Every line of the records below that has the word "using" should be copied.

§ **Input for this task**:
---

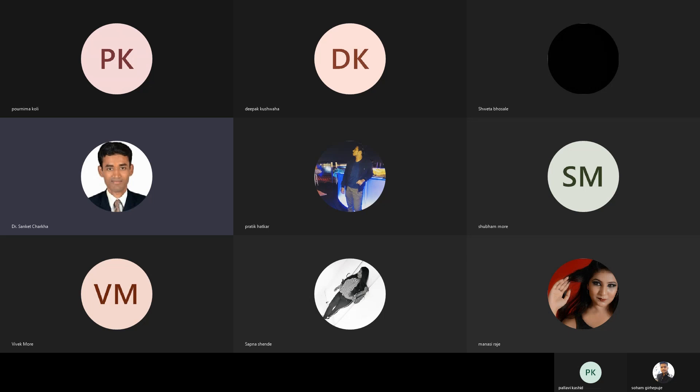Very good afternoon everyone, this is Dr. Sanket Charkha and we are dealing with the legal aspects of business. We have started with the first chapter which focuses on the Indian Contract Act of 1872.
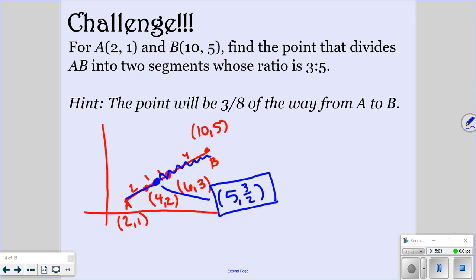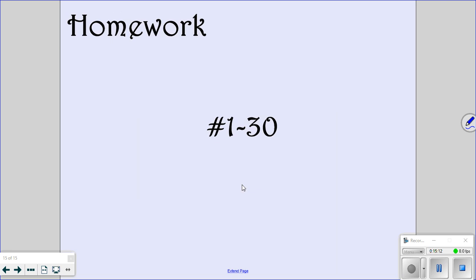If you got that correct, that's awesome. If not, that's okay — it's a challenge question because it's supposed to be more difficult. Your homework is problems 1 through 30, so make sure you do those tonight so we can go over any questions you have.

---

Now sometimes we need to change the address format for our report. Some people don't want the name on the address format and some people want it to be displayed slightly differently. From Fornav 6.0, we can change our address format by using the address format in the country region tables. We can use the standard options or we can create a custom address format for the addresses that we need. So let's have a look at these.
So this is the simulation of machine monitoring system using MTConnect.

---

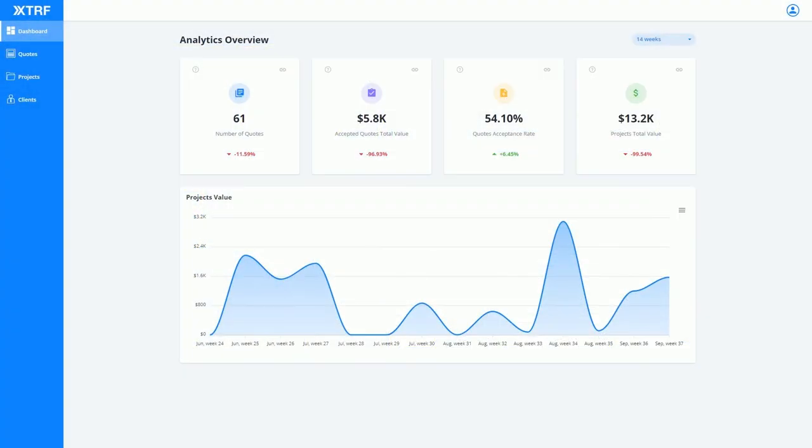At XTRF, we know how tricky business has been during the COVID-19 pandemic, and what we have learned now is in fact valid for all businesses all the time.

---

§ **Task answer**:
Now sometimes we need to change the address format for our report. Some people don't want the name on the address format and some people want it to be displayed slightly differently. From Fornav 6.0, we can change our address format by using the address format in the country region tables. We can use the standard options or we can create a custom address format for the addresses that we need. So let's have a look at these.
So this is the simulation of machine monitoring system using MTConnect.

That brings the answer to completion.